> Task prompt
Print, exactly as they stand, the lines below from the one that has "Beautiful Natural Smoky" to the one that has "Asahi Bar Stool Chrome", inclusive, leaving out the pictures.

====

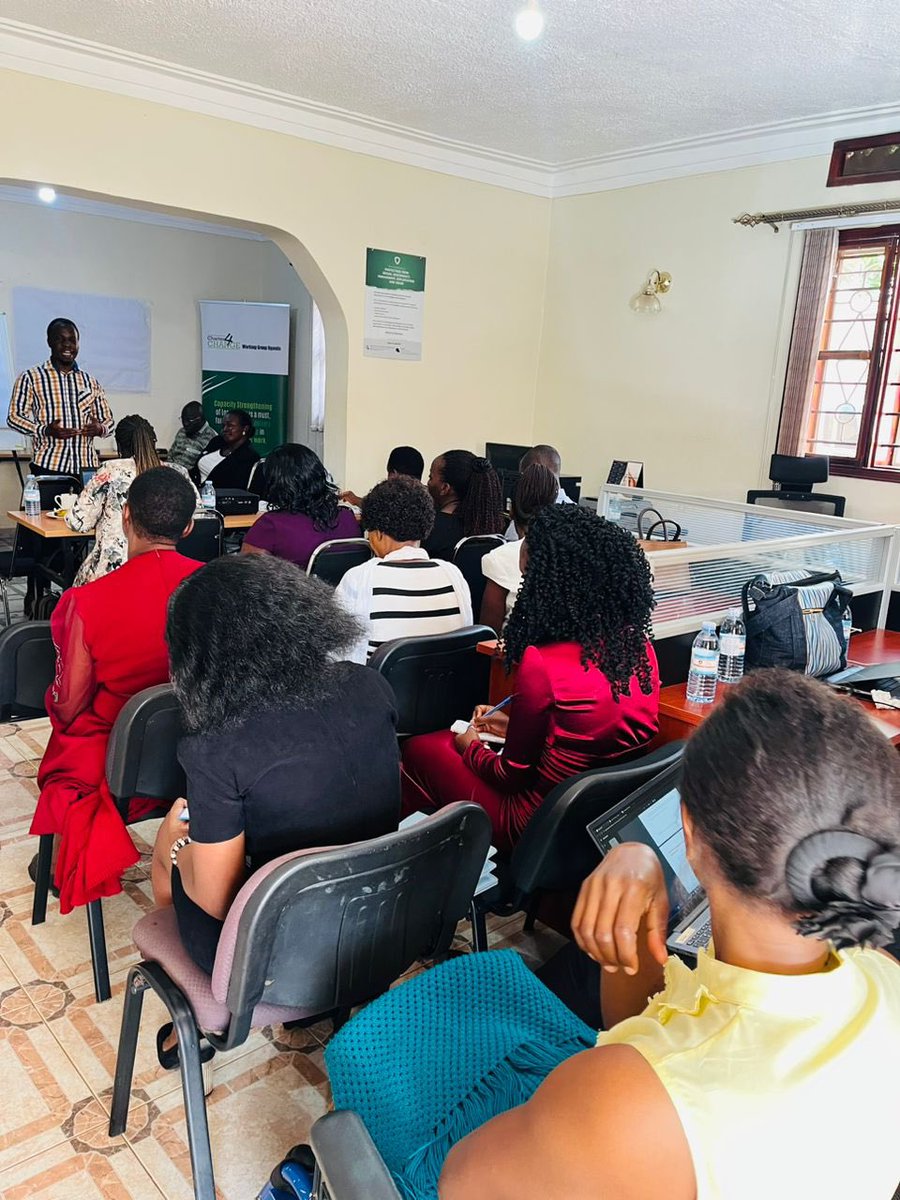 Our team leader @iankiko1 also the Central Region Coordinator @C4C_Uganda giving opening remarks at the Central Region Consultation meeting with women-led and Women serving organizations on feminism in the localization agenda organized in-partnership with @CAREUganda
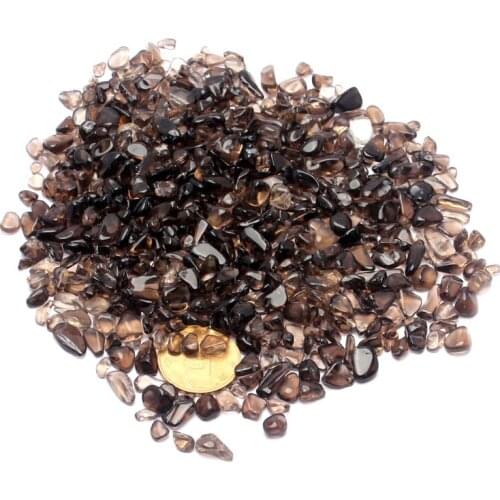 Beautiful Natural Smoky Quartz Crystal Tumbled Stone Reiki Healing Garden Decorative For Gift Sale 100g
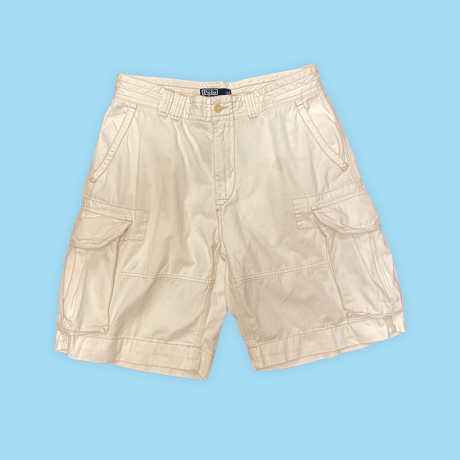 [USED] ”POLO”  WHITEカーゴショーツ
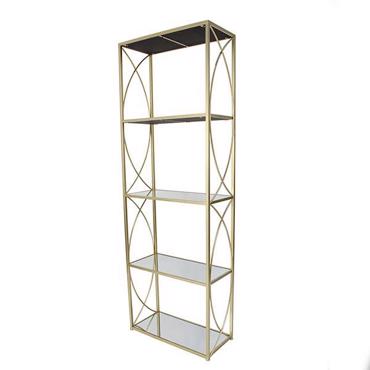 ESTHETI home Ραφιέρα Μεταλλική Χρυσή με 4 Ράφια 61x28x177cm 750-31513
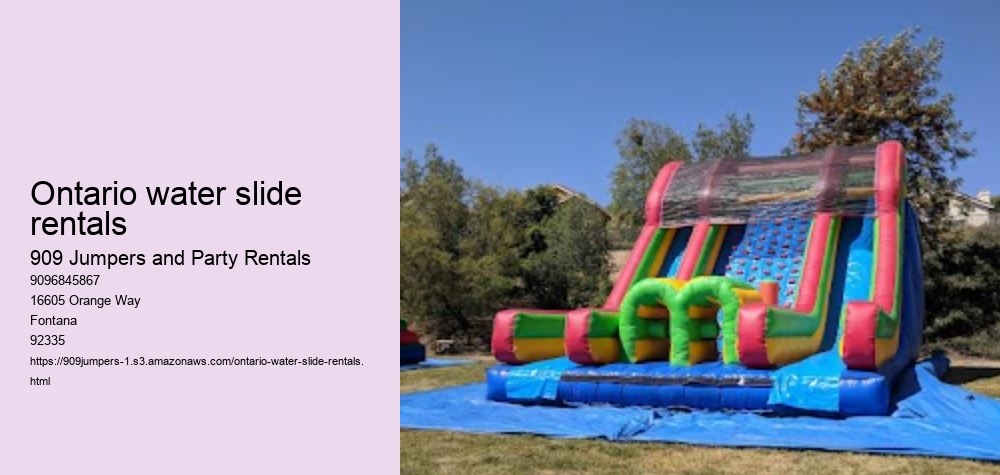 Ontario water slide rentals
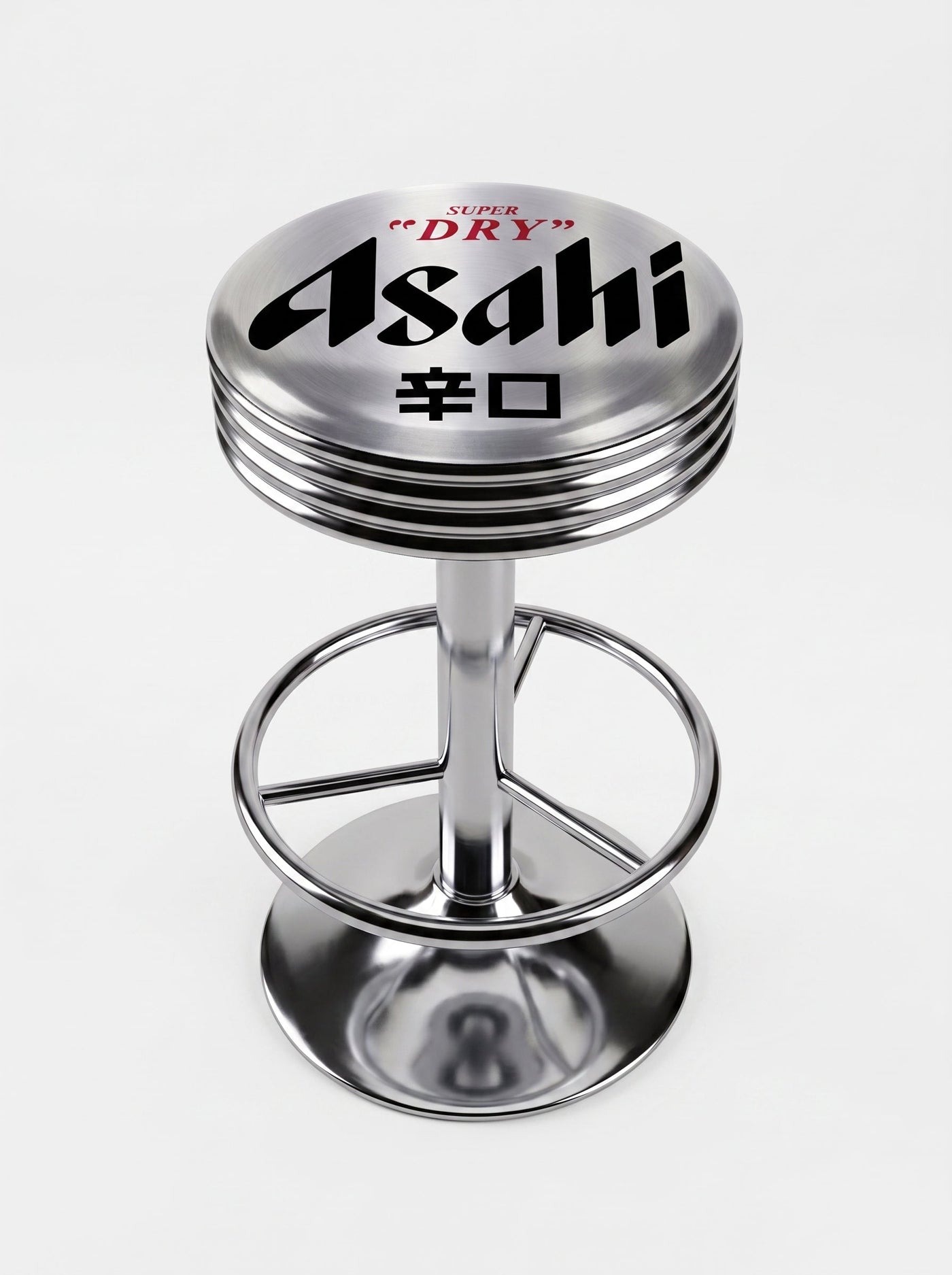Asahi Bar Stool Chrome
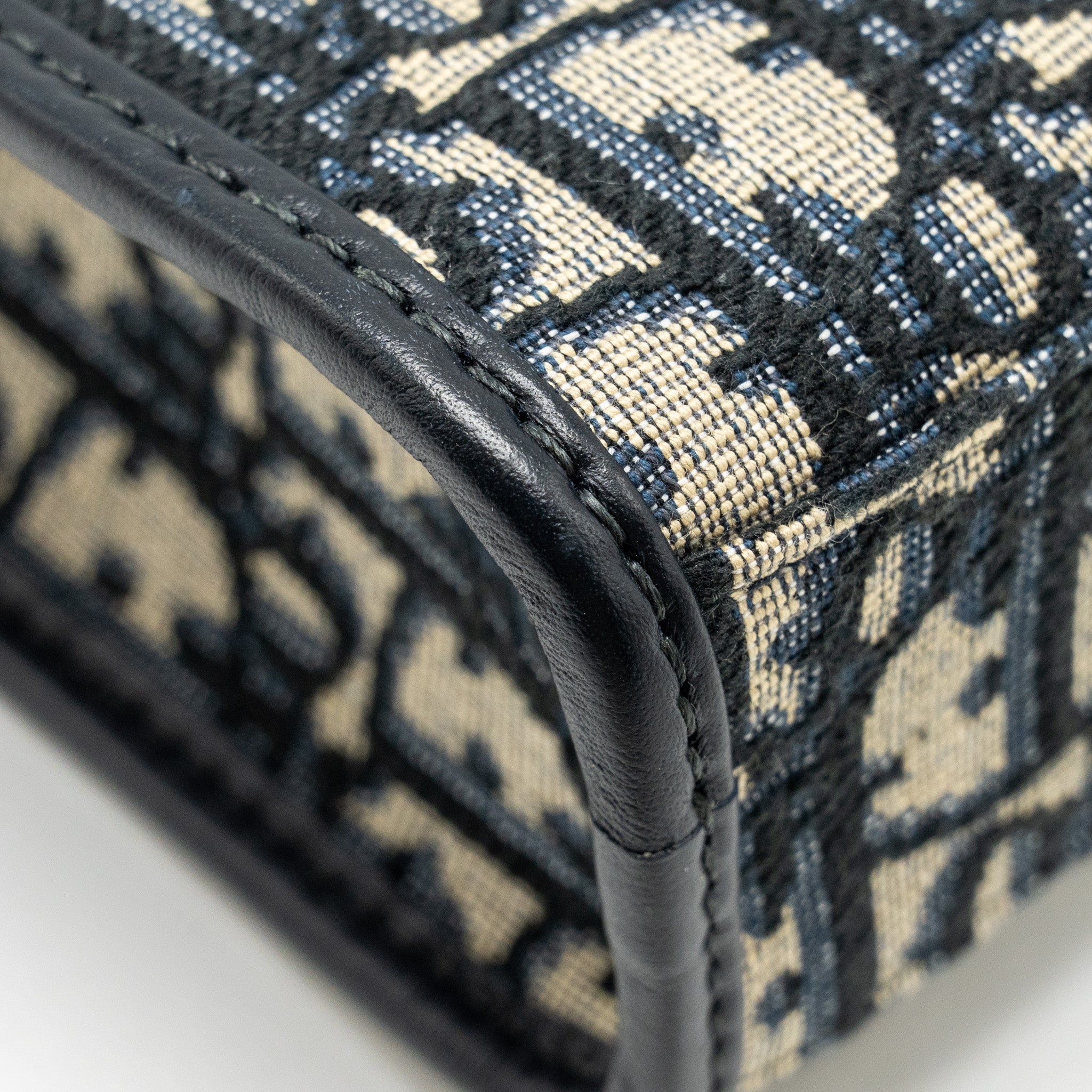 DIOR 30 MONTAIGNE DEA POUCH BLUE OBLIQUE JACQUARD GHW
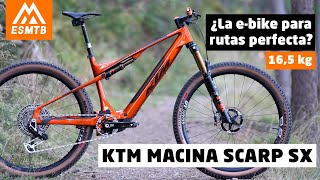 KTM Macina Scarp SX así es su ebike más ligera [upl. by Alue]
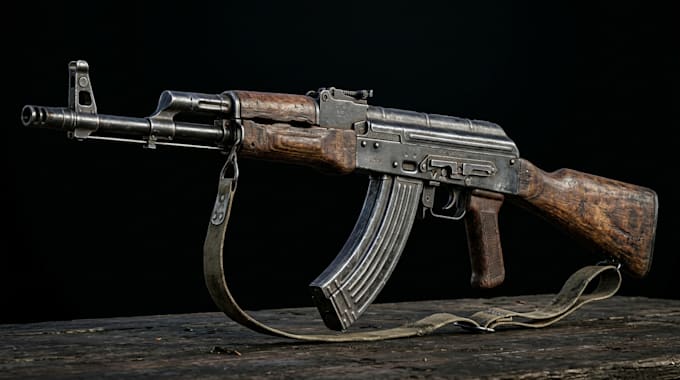 create 3d gun model, weapon design and game asset fivem gun, 3d weapon model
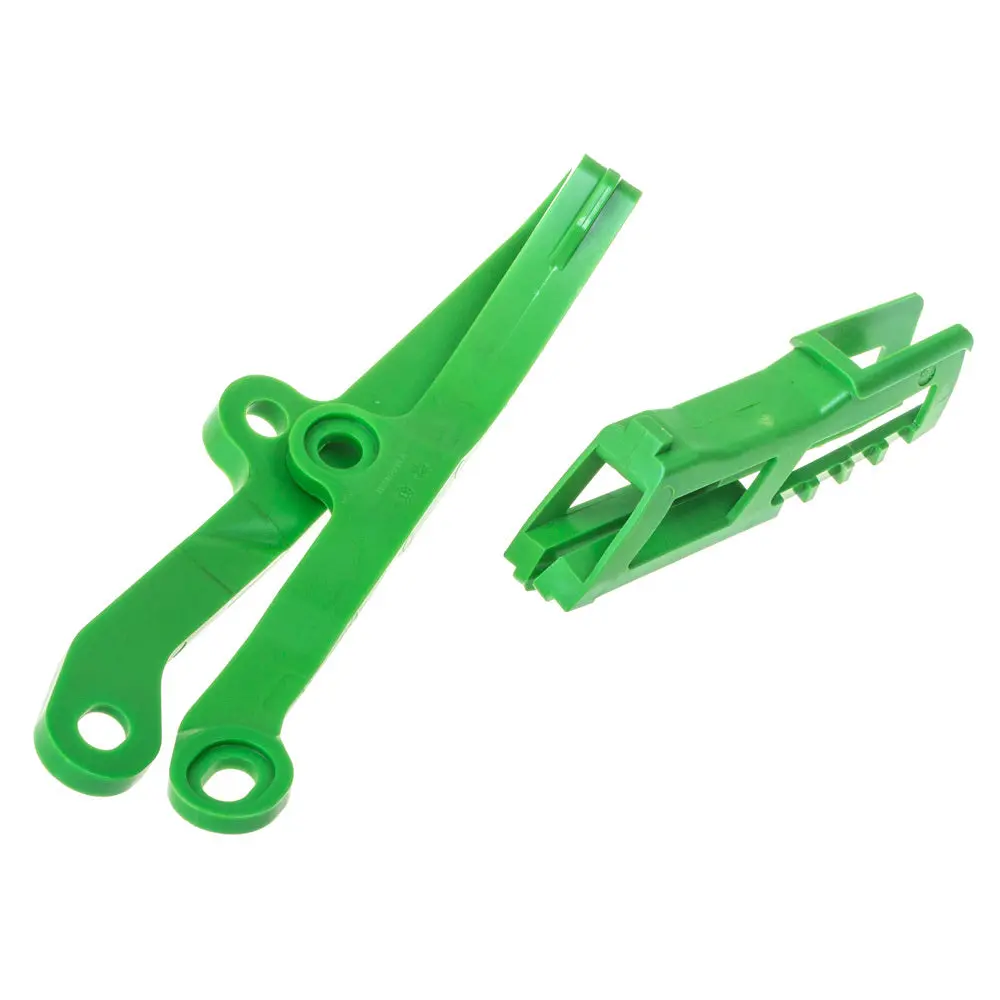 Polisport Chain Guide & Slider Kit Kawasaki - Green [B12] 1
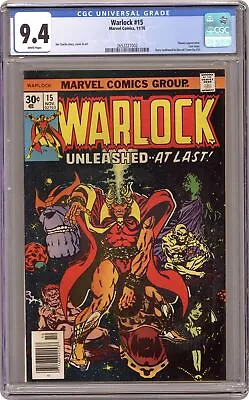 Buy Warlock #15 CGC 9.4 1976 2652227002 • 206.63£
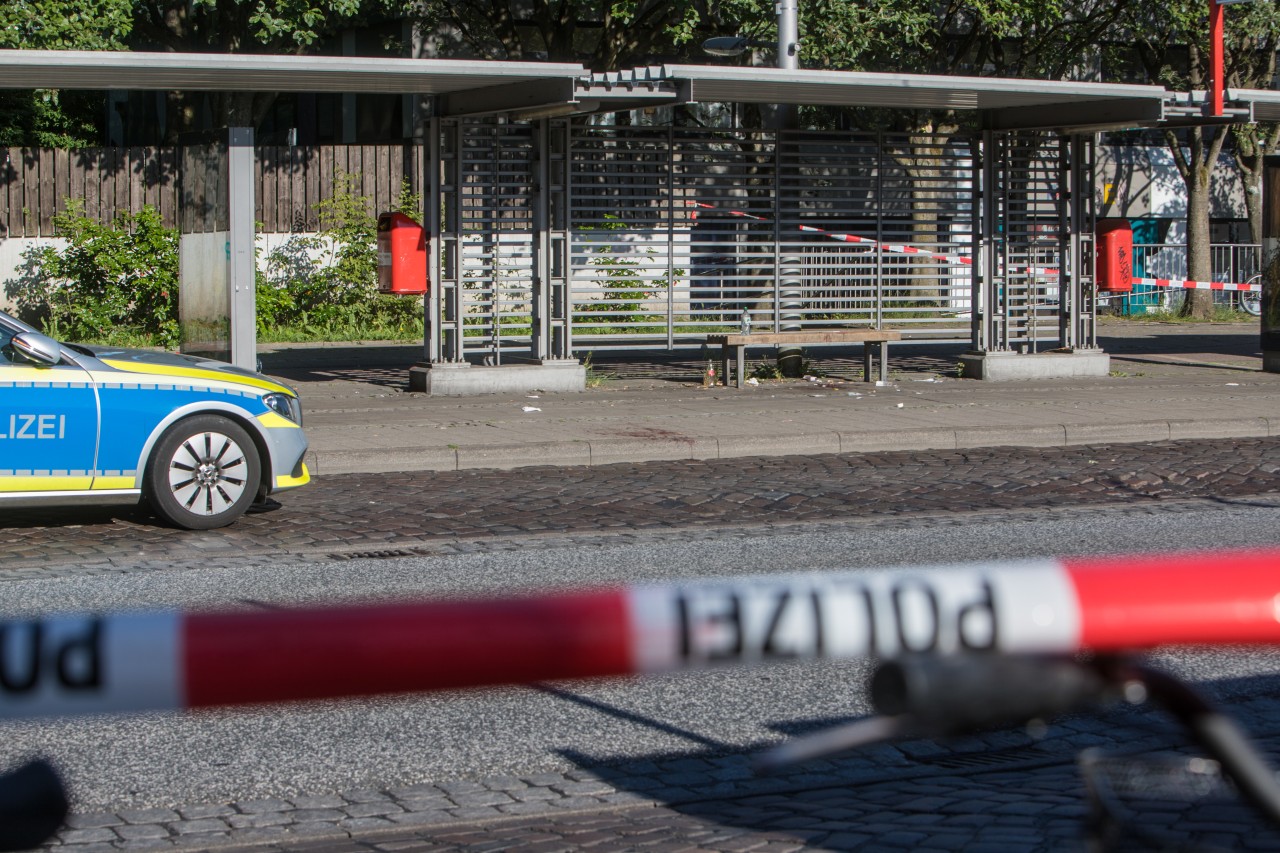 Blutige Szene im Stadtteil Billstedt in Hamburg.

====

> Response area
 Beautiful Natural Smoky Quartz Crystal Tumbled Stone Reiki Healing Garden Decorative For Gift Sale 100g
 [USED] ”POLO”  WHITEカーゴショーツ
 ESTHETI home Ραφιέρα Μεταλλική Χρυσή με 4 Ράφια 61x28x177cm 750-31513
 Ontario water slide rentals
Asahi Bar Stool Chrome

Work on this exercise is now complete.